PROBLEM TO WORK ON :: A faithful retyping of every entry below is wanted, with images left out.

EXERCISE INPUTS ::
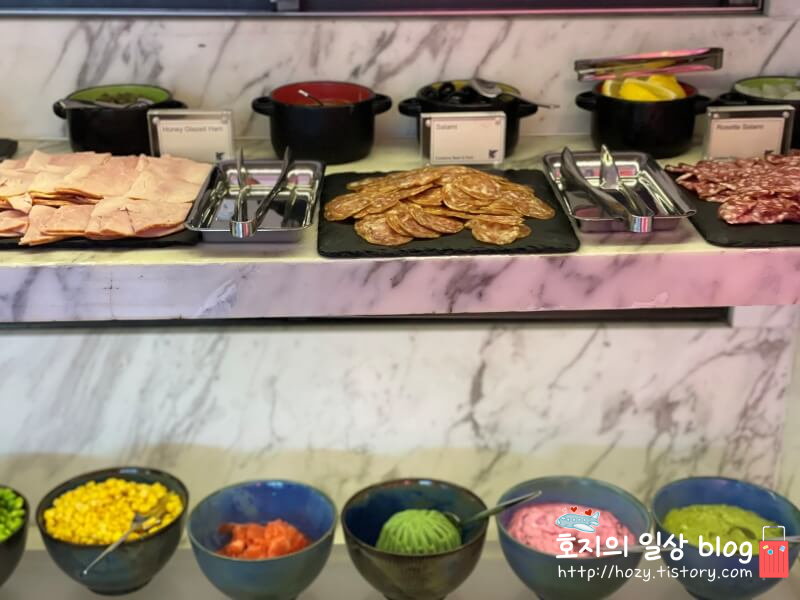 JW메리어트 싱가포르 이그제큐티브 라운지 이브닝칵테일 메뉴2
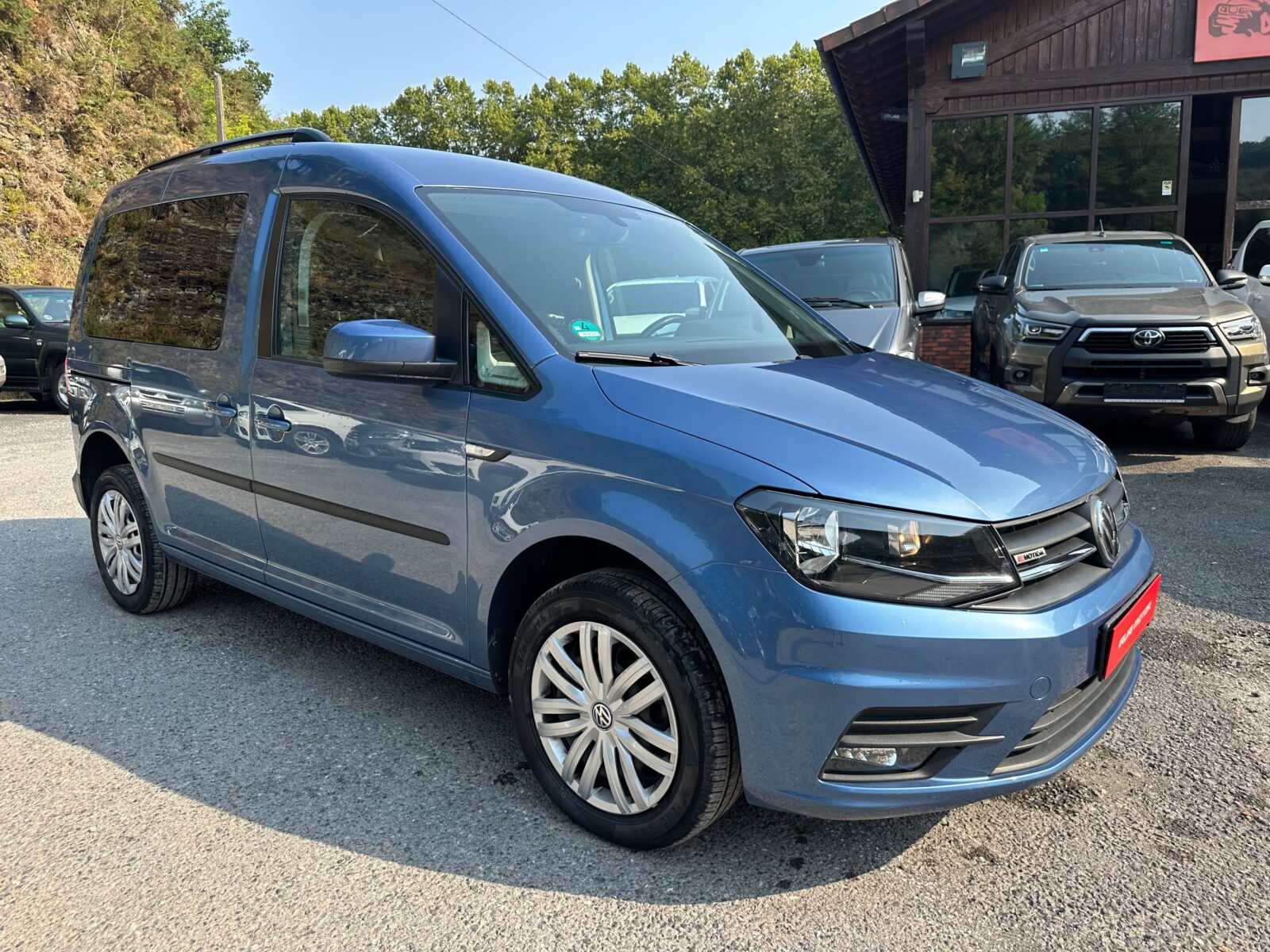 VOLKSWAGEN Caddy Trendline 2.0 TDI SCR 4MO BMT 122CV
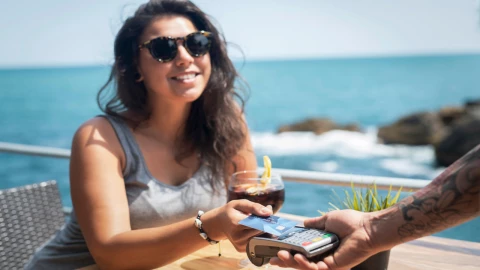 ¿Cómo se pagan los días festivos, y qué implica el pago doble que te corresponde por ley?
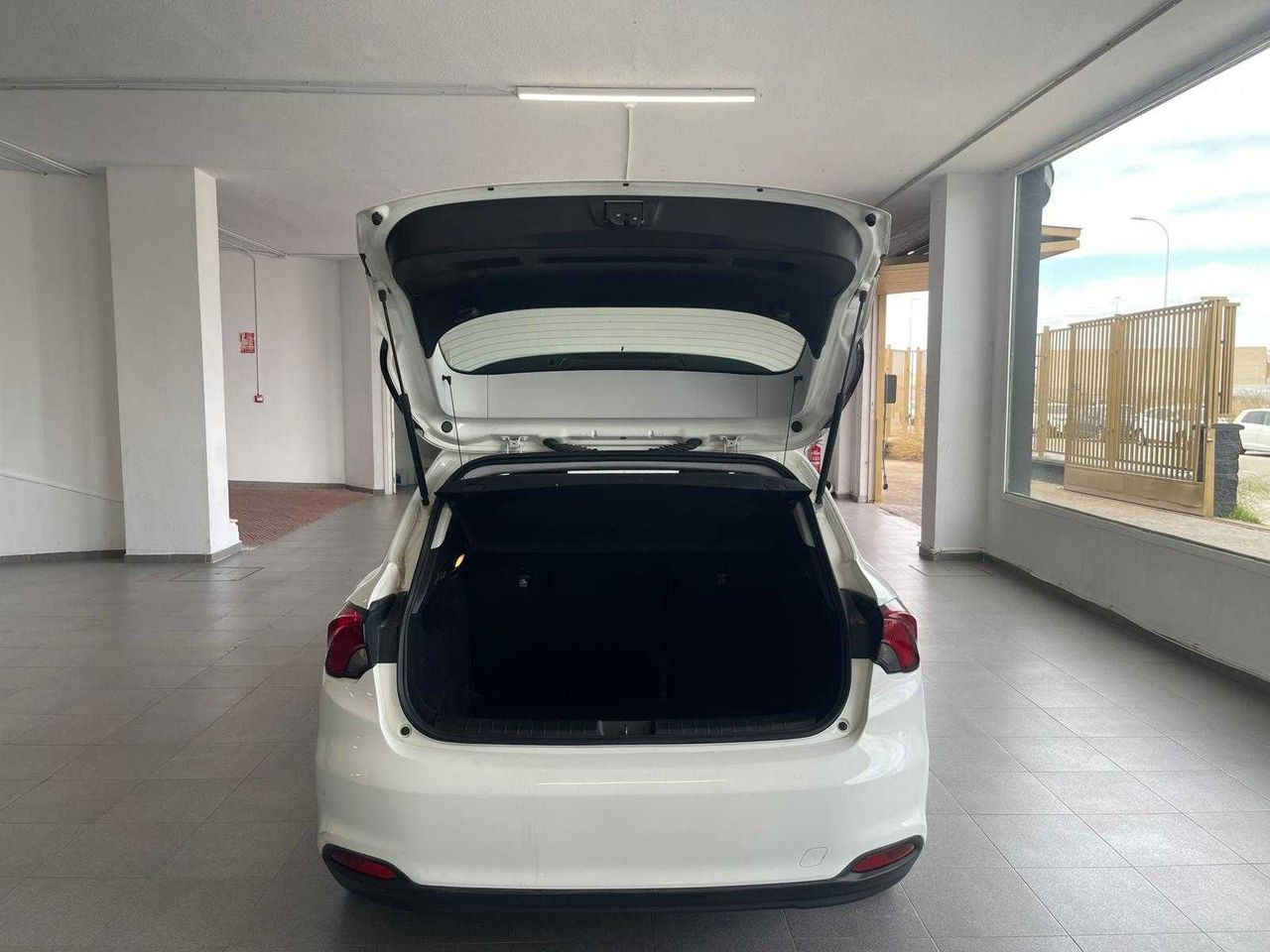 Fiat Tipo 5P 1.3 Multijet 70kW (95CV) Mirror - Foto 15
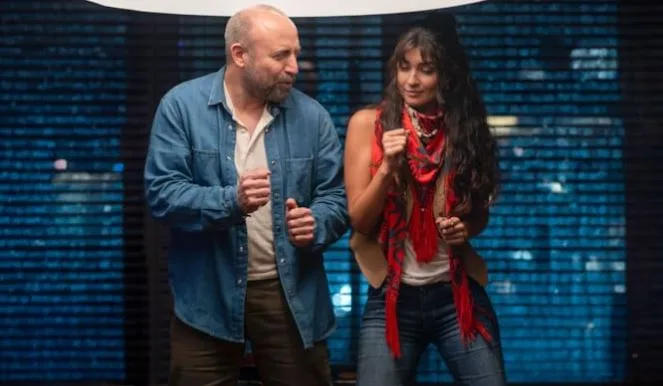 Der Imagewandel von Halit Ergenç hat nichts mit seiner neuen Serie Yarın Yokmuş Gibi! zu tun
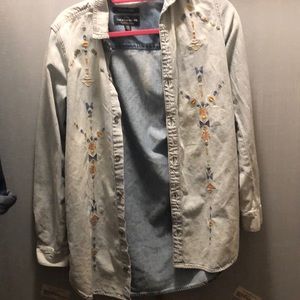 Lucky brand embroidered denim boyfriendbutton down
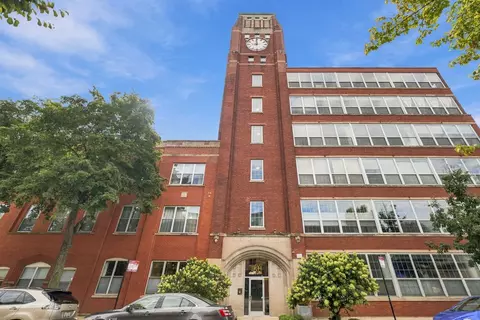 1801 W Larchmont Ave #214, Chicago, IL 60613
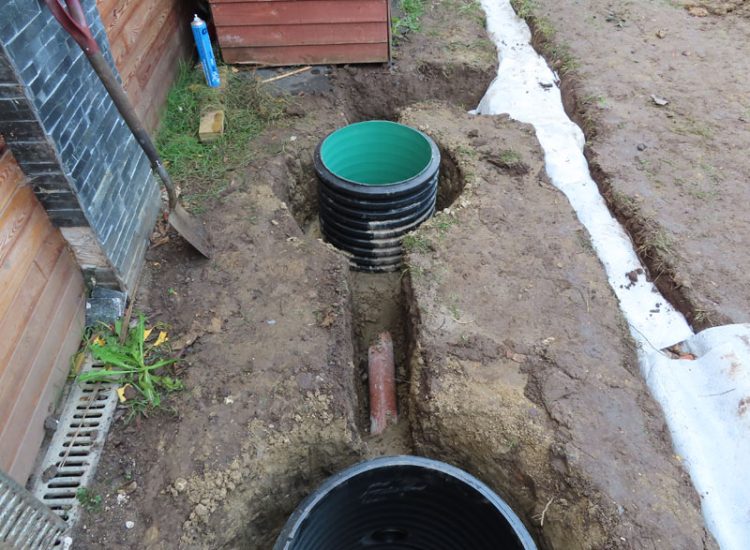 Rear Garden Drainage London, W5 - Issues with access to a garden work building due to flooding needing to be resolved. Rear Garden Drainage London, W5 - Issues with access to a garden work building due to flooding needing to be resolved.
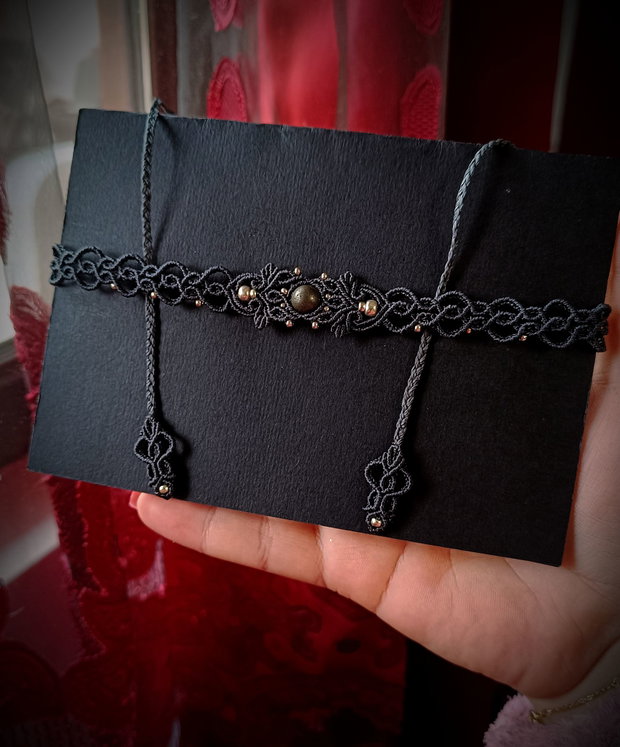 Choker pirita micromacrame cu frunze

RESPONSE TO THE EXERCISE ::
 JW메리어트 싱가포르 이그제큐티브 라운지 이브닝칵테일 메뉴2
 VOLKSWAGEN Caddy Trendline 2.0 TDI SCR 4MO BMT 122CV
 ¿Cómo se pagan los días festivos, y qué implica el pago doble que te corresponde por ley?
 Fiat Tipo 5P 1.3 Multijet 70kW (95CV) Mirror - Foto 15
 Der Imagewandel von Halit Ergenç hat nichts mit seiner neuen Serie Yarın Yokmuş Gibi! zu tun
 Lucky brand embroidered denim boyfriendbutton down
 1801 W Larchmont Ave #214, Chicago, IL 60613
 Rear Garden Drainage London, W5 - Issues with access to a garden work building due to flooding needing to be resolved. Rear Garden Drainage London, W5 - Issues with access to a garden work building due to flooding needing to be resolved.
 Choker pirita micromacrame cu frunze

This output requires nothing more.